This guy is super-hot, he’s ripped but he’s one of those guys that I am not sure if that’s really if that’s how he looks right now or 10 years ago. I’ve been caught out before, when men send a picture & you think they’re cute & hot but then they’re not at all. I was always thinking that Crows would be the same, kind of hot in his pictures, but too good to be true… Crows was hot so maybe Goodwin will be too?

I start chatting to Goodwin (yes I make the first move as we’re in a group together) I even tell him that I never message anyone first, so he should consider himself very lucky if he likes me. He says he does so we chat a bit, I tell him about the recent break up with Noodle, not the ins & outs but I what I am looking for is not something too serious right now, he says the same – this could be the thing that I need right now, it’s just after I stopped talking to Noodle.

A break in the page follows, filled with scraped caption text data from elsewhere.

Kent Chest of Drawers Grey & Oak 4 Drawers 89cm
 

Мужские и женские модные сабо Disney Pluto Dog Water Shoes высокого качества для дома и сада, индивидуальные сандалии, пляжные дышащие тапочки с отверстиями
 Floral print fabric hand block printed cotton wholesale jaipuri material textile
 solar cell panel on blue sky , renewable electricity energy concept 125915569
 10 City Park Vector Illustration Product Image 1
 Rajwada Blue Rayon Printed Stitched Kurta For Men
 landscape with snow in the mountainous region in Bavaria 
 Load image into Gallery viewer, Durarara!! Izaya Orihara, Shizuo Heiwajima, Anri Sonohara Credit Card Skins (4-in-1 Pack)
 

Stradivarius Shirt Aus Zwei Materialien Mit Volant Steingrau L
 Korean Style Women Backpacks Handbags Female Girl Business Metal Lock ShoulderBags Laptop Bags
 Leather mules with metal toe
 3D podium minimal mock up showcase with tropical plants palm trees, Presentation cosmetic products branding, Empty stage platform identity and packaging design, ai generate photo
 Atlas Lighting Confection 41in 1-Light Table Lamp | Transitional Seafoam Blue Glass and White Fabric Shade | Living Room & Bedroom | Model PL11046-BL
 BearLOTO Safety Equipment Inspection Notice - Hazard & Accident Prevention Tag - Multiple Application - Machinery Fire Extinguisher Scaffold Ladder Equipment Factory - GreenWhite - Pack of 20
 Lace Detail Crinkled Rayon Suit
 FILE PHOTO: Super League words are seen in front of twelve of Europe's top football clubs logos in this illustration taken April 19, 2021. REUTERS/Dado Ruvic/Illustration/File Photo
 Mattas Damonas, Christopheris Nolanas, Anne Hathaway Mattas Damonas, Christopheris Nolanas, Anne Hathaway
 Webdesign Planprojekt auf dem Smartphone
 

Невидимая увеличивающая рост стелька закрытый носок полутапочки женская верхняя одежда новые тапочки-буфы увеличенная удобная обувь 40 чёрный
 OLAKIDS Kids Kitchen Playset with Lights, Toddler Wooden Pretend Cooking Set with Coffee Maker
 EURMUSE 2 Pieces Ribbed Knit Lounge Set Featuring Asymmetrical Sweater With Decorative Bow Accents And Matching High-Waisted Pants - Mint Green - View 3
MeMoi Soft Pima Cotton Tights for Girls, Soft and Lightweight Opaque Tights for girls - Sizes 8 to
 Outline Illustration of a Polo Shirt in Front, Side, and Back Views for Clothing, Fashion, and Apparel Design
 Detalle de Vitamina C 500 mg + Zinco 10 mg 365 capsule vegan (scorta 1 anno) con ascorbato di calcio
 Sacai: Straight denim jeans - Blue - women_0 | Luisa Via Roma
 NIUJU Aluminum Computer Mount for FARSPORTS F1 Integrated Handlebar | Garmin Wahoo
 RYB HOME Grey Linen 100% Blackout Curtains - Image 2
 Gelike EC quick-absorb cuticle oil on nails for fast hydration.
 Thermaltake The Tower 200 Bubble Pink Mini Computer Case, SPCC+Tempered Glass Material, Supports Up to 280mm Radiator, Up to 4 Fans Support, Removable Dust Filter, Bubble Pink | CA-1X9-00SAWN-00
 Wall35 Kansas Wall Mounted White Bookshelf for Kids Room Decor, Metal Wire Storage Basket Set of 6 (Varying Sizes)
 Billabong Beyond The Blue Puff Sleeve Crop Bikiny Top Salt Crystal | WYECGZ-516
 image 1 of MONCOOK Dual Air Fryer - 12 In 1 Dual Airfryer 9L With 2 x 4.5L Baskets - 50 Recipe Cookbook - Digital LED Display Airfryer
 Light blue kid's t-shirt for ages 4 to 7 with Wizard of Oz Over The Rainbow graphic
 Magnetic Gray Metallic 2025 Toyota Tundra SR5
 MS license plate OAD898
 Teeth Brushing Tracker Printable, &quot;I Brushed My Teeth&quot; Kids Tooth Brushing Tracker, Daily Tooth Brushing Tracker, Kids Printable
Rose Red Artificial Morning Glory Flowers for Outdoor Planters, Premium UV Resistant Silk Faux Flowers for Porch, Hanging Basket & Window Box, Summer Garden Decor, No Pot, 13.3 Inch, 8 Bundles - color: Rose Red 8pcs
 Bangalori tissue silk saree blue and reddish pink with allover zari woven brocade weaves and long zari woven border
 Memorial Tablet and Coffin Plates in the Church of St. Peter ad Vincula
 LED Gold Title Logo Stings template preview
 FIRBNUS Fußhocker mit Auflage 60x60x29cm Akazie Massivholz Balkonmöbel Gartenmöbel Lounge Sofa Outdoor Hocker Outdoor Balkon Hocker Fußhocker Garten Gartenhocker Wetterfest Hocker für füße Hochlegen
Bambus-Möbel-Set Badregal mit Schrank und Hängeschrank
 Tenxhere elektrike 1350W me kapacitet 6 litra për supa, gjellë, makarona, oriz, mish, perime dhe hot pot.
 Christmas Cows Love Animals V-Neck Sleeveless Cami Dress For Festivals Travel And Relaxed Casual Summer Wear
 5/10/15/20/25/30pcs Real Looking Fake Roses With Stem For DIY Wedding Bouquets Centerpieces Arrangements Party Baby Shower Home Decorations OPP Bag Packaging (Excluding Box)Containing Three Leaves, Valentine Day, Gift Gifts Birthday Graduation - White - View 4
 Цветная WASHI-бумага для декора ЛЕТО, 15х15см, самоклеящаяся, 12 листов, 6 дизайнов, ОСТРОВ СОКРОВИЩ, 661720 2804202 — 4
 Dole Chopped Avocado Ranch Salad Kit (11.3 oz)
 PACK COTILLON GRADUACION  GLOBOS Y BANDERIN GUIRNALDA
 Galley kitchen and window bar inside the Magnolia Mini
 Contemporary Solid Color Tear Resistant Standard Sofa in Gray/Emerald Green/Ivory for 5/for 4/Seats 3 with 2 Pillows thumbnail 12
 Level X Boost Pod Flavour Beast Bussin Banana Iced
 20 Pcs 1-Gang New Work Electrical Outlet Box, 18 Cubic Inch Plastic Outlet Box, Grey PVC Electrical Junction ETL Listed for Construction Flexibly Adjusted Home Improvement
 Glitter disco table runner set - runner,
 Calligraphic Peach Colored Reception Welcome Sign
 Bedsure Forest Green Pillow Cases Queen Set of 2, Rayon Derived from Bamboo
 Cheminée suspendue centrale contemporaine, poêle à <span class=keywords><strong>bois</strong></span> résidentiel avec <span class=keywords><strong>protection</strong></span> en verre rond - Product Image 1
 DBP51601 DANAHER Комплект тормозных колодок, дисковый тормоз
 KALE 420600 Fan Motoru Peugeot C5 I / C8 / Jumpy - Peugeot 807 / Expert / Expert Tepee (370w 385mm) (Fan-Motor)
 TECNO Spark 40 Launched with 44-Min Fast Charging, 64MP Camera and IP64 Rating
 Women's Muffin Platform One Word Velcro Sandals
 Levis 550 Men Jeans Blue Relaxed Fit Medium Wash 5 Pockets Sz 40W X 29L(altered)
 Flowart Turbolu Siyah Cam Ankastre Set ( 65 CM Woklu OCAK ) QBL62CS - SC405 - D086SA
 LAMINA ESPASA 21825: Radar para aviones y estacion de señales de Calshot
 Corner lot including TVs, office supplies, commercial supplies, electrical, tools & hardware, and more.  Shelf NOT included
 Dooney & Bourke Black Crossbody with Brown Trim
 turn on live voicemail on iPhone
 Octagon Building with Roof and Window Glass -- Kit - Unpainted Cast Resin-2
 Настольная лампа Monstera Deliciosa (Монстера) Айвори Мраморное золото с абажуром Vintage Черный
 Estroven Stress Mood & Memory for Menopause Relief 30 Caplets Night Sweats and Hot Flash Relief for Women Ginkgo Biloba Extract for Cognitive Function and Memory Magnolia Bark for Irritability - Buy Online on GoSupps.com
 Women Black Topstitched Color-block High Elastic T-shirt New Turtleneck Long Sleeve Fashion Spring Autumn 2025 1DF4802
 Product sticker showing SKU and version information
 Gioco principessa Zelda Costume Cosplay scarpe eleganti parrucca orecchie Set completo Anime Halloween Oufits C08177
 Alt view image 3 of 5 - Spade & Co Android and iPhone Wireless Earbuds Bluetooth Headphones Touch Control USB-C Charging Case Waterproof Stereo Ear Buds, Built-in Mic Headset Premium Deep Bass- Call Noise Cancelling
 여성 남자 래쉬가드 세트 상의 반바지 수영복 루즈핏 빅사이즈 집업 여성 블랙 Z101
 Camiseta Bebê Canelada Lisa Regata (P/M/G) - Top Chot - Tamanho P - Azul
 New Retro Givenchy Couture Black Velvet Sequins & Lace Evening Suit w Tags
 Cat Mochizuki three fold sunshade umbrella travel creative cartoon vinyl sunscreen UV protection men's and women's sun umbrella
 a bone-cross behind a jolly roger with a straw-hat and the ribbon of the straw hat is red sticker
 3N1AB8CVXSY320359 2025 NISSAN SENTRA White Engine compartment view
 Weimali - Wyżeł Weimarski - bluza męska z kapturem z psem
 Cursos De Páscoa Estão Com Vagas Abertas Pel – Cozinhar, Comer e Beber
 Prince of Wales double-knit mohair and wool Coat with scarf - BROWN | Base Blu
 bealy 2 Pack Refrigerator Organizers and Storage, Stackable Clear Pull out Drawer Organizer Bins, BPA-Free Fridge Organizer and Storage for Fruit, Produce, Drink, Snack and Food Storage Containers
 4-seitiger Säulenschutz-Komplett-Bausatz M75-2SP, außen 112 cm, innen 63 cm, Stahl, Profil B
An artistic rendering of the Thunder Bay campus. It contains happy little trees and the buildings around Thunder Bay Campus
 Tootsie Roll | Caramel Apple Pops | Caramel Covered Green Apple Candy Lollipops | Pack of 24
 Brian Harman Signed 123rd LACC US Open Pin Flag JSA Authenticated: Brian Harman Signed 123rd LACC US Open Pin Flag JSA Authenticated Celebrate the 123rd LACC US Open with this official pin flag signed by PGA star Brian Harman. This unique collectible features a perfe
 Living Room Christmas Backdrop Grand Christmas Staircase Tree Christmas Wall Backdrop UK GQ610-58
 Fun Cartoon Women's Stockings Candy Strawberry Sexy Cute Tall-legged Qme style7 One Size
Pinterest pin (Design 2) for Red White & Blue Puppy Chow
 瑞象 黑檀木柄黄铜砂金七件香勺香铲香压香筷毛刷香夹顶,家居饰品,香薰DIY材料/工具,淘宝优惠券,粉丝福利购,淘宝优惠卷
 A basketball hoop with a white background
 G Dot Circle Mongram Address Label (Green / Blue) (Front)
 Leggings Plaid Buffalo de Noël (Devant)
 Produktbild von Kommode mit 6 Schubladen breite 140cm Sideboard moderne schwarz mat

But Goodwin stops talking to me for a few months, I just assume he’s got someone else or whatever, it’s it the chat app after all. I have been seeing Crows on a regular basis at this time that I don’t really care too much. Men on the chat app are a dime a dozen. When Goodwin comes back I ask where he’s been because I am not going to be someone’s 2nd option but he says that he was with a chick for a while & they broke up because he realised that he didn’t want a GF. I don’t respond to a lot of his messages because I am not going to make it easy for this guy. We chat on & off for a few months to be honest, I talk to him about all sorts of shit, but we never meet.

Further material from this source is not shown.